What the exercise asks: Skip every picture, and output exactly the lines starting at the one with "a young woman" and running through the last line of the material below.

Given information:
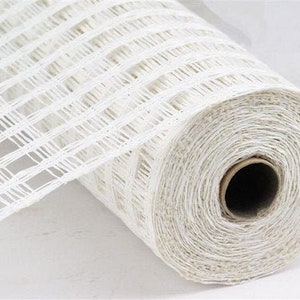 May include: A roll of white, woven, checkered mesh ribbon. The ribbon is rolled up and the end of the roll is visible.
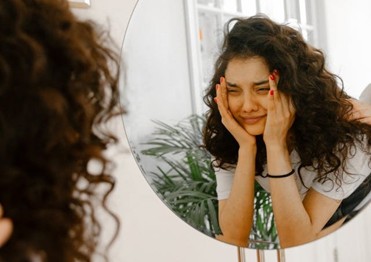 a young woman looking in the mirror with self-doubt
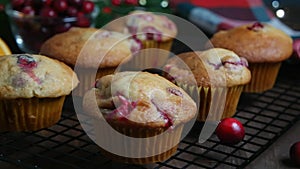 Revers dolly shot with homemade cranberry orange muffins on cooling rack, Christmas decoration on background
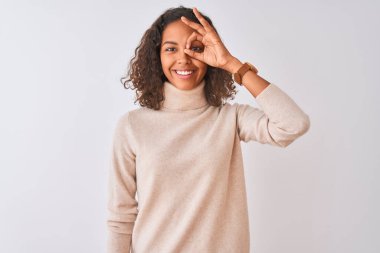 Balıkçı yaka kazak giyen genç bir kadın izole edilmiş beyaz arka planda dikiliyor. El hareketleriyle gülümsüyor, gözleriyle mutlu yüzle parmaklarının arasından bakıyor..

Final answer:
 a young woman looking in the mirror with self-doubt
 Revers dolly shot with homemade cranberry orange muffins on cooling rack, Christmas decoration on background
 Balıkçı yaka kazak giyen genç bir kadın izole edilmiş beyaz arka planda dikiliyor. El hareketleriyle gülümsüyor, gözleriyle mutlu yüzle parmaklarının arasından bakıyor..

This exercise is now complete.